Lissa, you’re not far off. If there’s one thing Supernanny has taught us , it’s that kids respond positively to loving limits.
There are so many things that could be at work here. Temperment, yes. That can play a part. Lack of a consistent morning routine, no or poor breakfast or sleep habits, being rushed in the morning - all can play a part.
I find your description of the father’s actions revealing, though. The poor man is obviously overwhelmed, and wants to make things work more smoothly. But it sounds as if he’s trying to acheive that by emotionally distancing himslef, while physically remaining to offer those positive reinforcements Lissa’s talking about.
If I were in his shoes, I’d get down to eye level with the kid and be fully present for just a few moments. Making eye contact, I’d say “I love you very much. It’s time for you to go to school. I will meet you here at 3:00 when school is done. I love you. Have a great day.” Hug. Leave.
Given a well-rested, well-fed, not rushed kid, the temperment of the kid is not so important. But we often think we’re “being there” for our kids when really they are just one more hurdle to jump before we can get on with our morning. When things don’t go smoothly, we get anxious, and impatient.

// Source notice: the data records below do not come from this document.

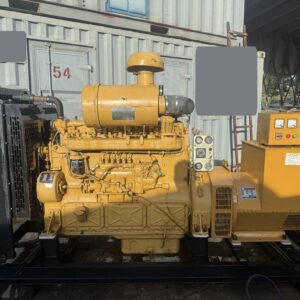 shangchai 6135azd 1 150kw lingyu used diesel generator set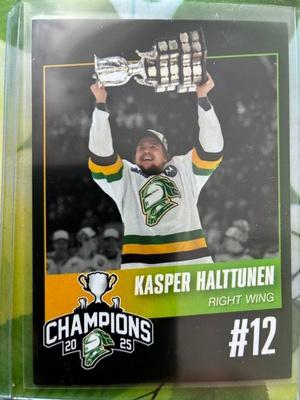 Kasperi Halttunen 2025 Memorial Cup Champions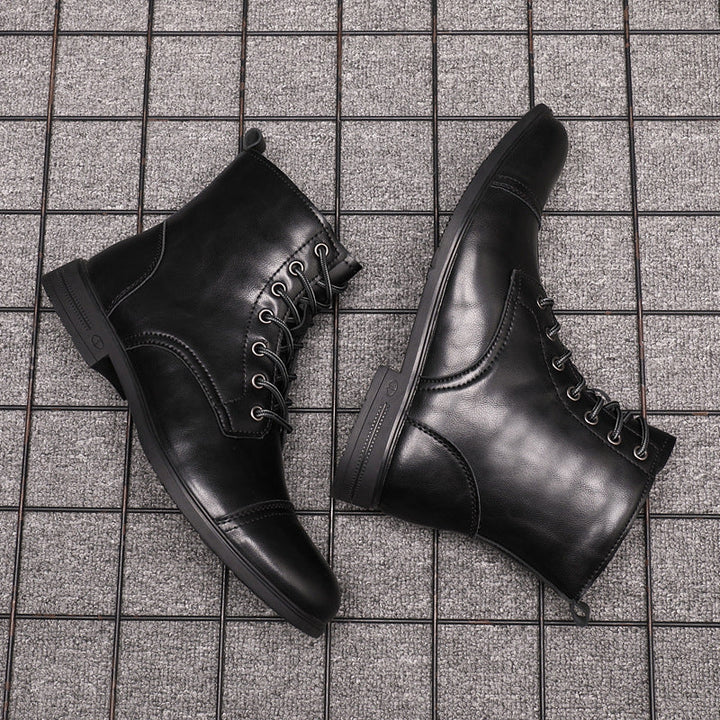 Morgan™ | Botines de cuero sintético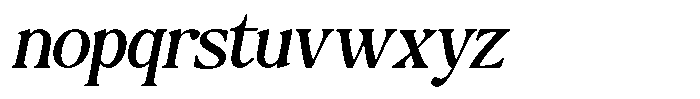 Montalvia Display Oblique Font LOWERCASE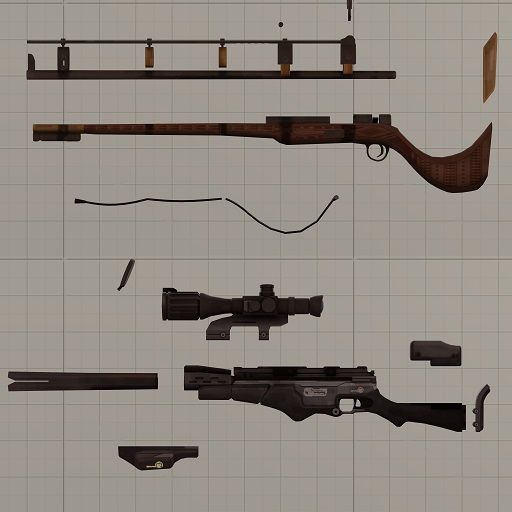 Team Fortress 2 Enhanced Small Sniper Rifles Pack (Props)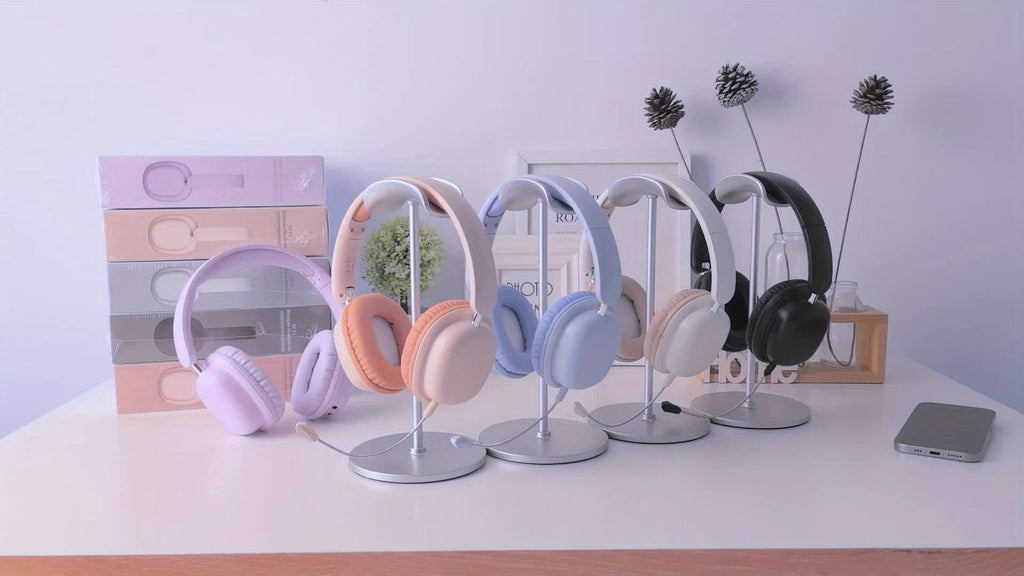 BassBuds Over-Ear Wireless Headphones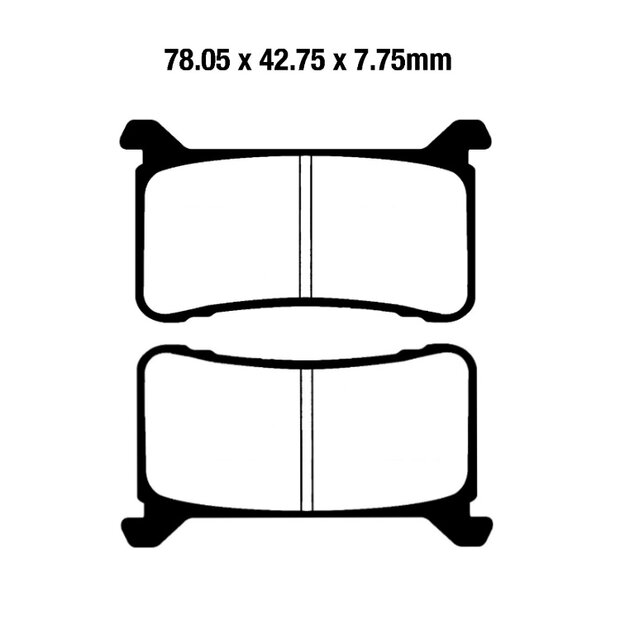 EBC Bremsbel�ge Sinter FA700HH Honda CB1000R CBR1000RR...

We roll our eyes, breathe loudly, and may look above their heads or at the ceiling instead of in their eyes. We fairly ooze “I don’t like this and I don’t like YOU” vibes. They sense that, and that makes them very anxious. They want to cling and give us hugs so we like them again.
Remember, when they’re stressed, they’re still working with their monkey brains: Mommy and Daddy mad and going away = abandonment and starvation and death. We have to acknowledge their monkey brains while nurturing their human ones.

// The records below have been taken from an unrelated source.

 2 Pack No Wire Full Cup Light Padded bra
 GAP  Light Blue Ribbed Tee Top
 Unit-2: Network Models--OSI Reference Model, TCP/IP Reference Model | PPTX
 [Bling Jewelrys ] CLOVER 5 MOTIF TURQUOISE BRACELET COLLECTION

My mom went through hell getting me to go to school in first grade, but the battle was getting me to go and wait for the bus. Once the bus arrived, I felt strangely compelled to get on, so the struggle wasn’t quite as public.
My first grade teacher was evil. E-V-I-L. I was bored in class and had a hard time paying attention, so it looked like I was lost and not able to follow the material. (I was usually reading ahead in the book.) My report card said “Unable to understand and follow directions,” because the directions called for something boring and tedious and I was always doing things I thought were interesting and creative, something perhaps more difficult than the assignment called for, but not as dull. Lots of big red Xs on my worksheet. Lots and lots of them. The teacher regularly told me I was messy and stupid (probably true, certainly false, respectively), and told my mother that I was retarded and needed to be tested. (The retest showed the same thing as my placement tests, that I had a fifth grade reading level and was well above average in math.)

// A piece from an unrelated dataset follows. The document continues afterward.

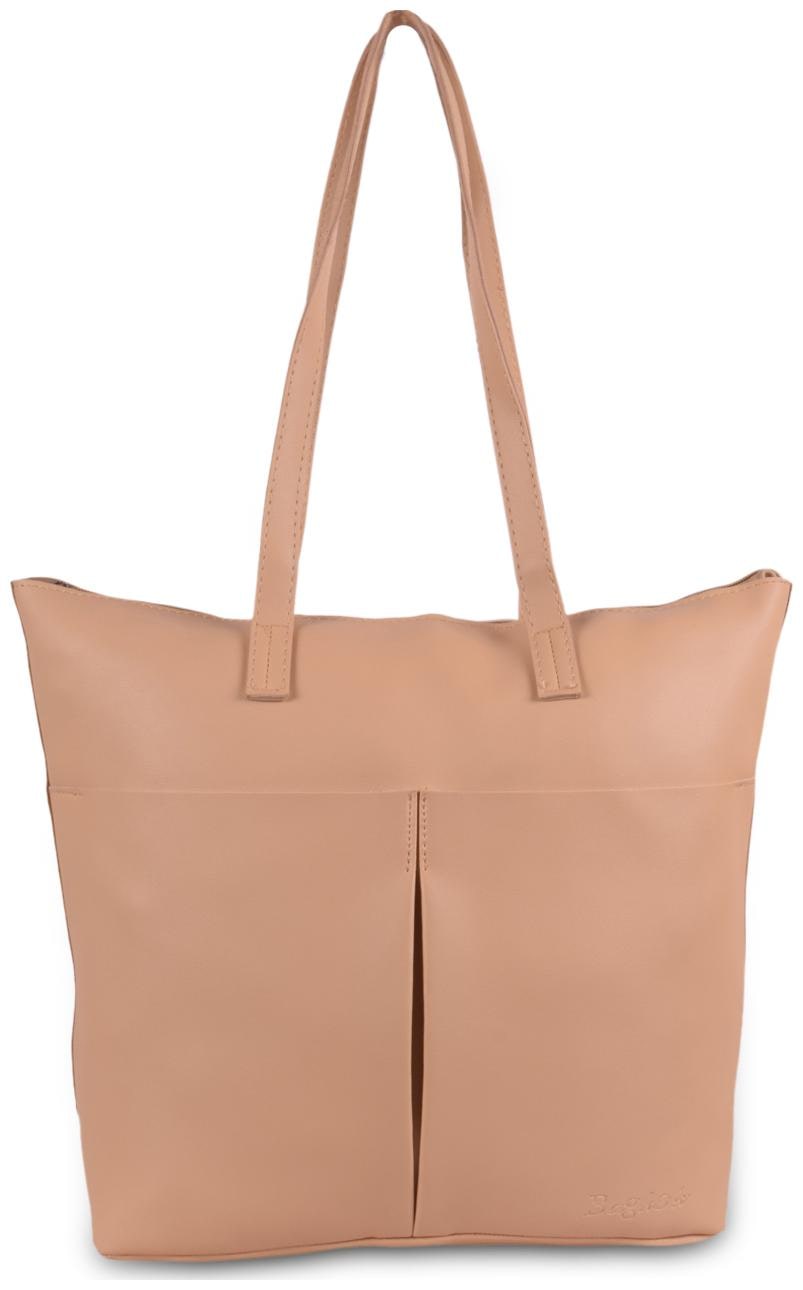 

Bagkok Women Solid PU - Tote Bag Beige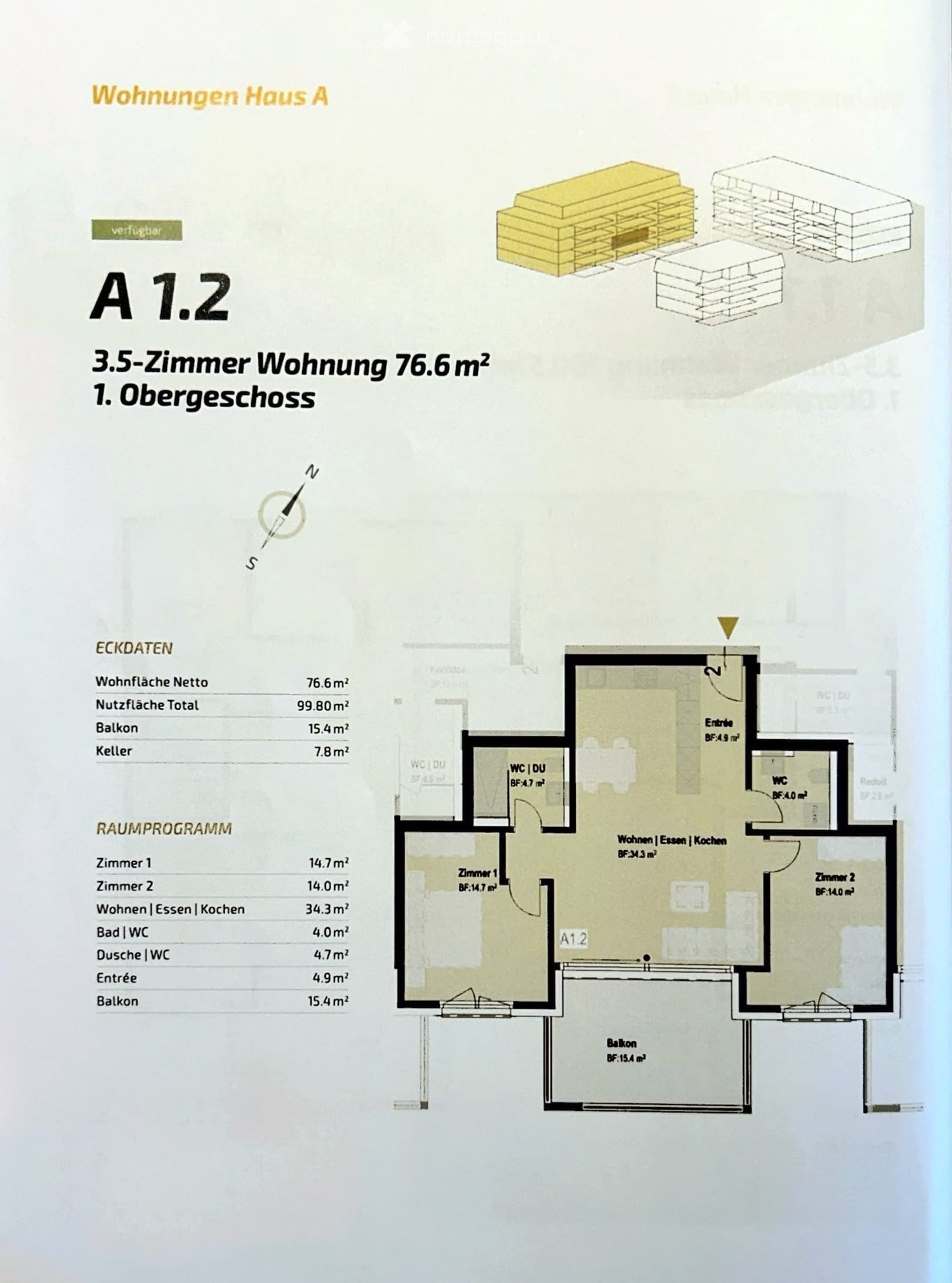 3 ½ rooms apartment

So I cried every morning and locked myself in the bathroom, hoping that I would miss the bus.
This never worked.
My mother, to this day, feels massive guilt for not insisting that I be transferred to the other first-grade classroom, but the teacher, for some reason, wanted to keep her claws in me and insisted I need to stay right were I was. Mom is a teacher herself, and felt like she should extend professional courtesy to this woman and not go against her judgment, not taking into account the fact that the teacher was sadistic and insane. FWIW, it was a traumatic year (The two happiest weeks I recall from that year were the week I had chicken pox and the week I got my tonsils out, because in both cases I got lots of attention and didn’t have to go to school.) but not permanently scarring. I had a great second-grade teacher, and pretty much bounced back from it. (It felt gooood to go back to my elementary school, visit with my second grade teacher, and inform my first grade teacher that I had been accepted into a prestigious grad school to study astrophysics.)
I’m not saying that this is the situation with the kids in the OP–indeed, it seems unlikely since they’re in different classrooms and there would have to be two e-v-i-l teachers. Just felt compelled to share.